Fraîcheur sur la ville. 

Entretien avec Anaïs Sorce, journaliste, RCF Lyon. 

On retrouve Pierre Darmet, des Jardins de Gally, pour explorer la ville et le vivant qui l’habite, découvrir la diversité des jardins et imaginer des relations fertiles avec la biodiversité, pour mieux vivre dans les villes et les territoires.

Bonjour Anaïs, bonjour à toutes et à tous.

Plutôt que « Peur sur la ville », d’Henri Verneuil, dans lequel un commissaire, alias Jean-Paul Belmondo mène l’enquête jusque sur le toit du métro, vous nous proposez pour cette chronique ce qui pourrait être le titre d’un film en quête de températures clémentes : « Fraicheur sur la ville » !

En effet, les mois se suivent et se ressemblent. Cet été a été très chaud, vous avez toutes et tous pu le ressentir, notamment à Lyon : les fortes chaleurs et même les canicules se succèdent et durent de plus en plus longtemps. Nous sommes maintenant en automne et les records de température continuent d’être battus. Le mois de septembre a été le plus chaud de notre histoire, en France et dans le monde et l’année 2023 dans son ensemble s’annonce elle aussi record, comme l’indiquait il y a quelques jours Copernic, l’observatoire européen du climat, avec +1,4 degrés par rapport au siècle dernier. La machine climatique s'emballe. Il faut la freiner, en réduisant nos émissions de carbone mais aussi, sans tarder, il nous faut faire avec ces dérèglements, qui sont déjà là. Vous l'aurez noté dans bien des médias, un verbe a fait son apparition et est martelé depuis plusieurs mois : il faut s'adapter.

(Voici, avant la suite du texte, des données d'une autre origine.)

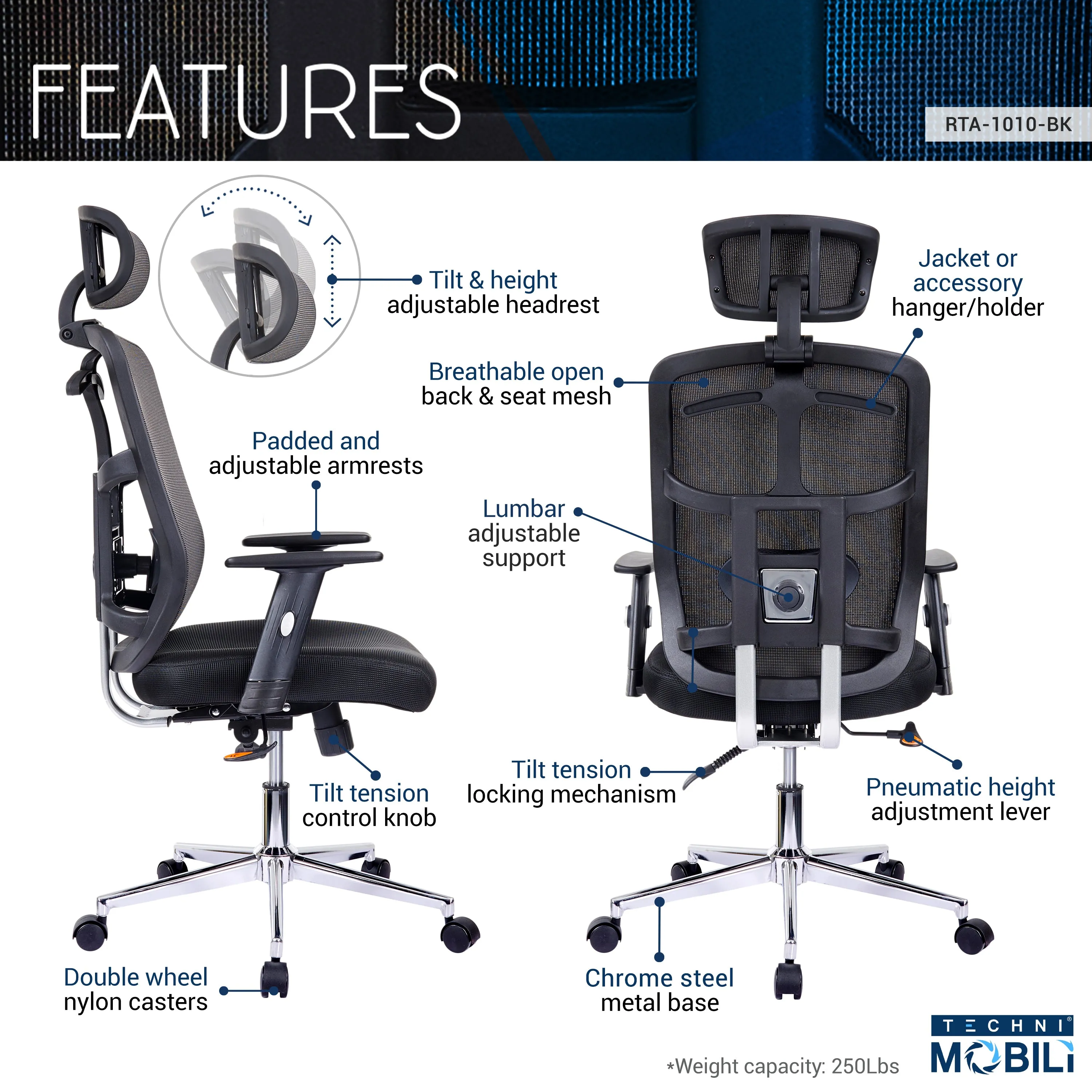 Flex Mesh Executive Chair - Black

Concrètement, comment fait-on ? Et quels sont les liens entre le jardin et l’adaptation ?

Les ilots de fraicheur. Le jardin et plus largement le vivant n'est pas une panacée mais c'est un moyen low tech de rafraichir notre environnement et en particulier la ville. Les villes, spécialement à cause de la forte proportion de surfaces minérales comme le bitume et le béton, exacerbent l’effet des températures élevées, créant ce que l’on appelle des ilots de chaleur, si bien que le thermomètre relève 2 à 10 degrés de plus que dans la périphérie et les campagnes environnantes. Les espaces verts constituent, eux, des ilots de fraicheur, de véritables oasis. Songez que la température à l’ombre d’un espace végétalisé est de 2 à 8 degrés inferieure à un espace bétonné ou bitumé. Les arbres sont particulièrement en pointe. L’agence pour la transition écologique, l’Ademe, nous dit par exemple que l’ombre des arbres permet de réduire localement la température de 3 à 5°C. Ce sont aussi de 50 à 60 % de consommation énergétique pour la climatisation qui sont économisés. Le végétal est un vecteur de rafraichissement, mais c’est l’eau qui en est la source. 

Que voulez-vous dire ?

Les plantes la stockent et aident à sa transformation. Un arbre de 12 m puise 225 L d’eau par jour dans le sol. Le médecin et explorateur Jean-Louis Etienne a une jolie expression pour cela : il dit que les arbres sont des châteaux d'eau. 90 % de l’eau absorbée par les racines sont rejetés par les feuilles sous la forme de vapeur d’eau. J’ajouterais donc que c’est un château d’eau doublé d’un brumisateur.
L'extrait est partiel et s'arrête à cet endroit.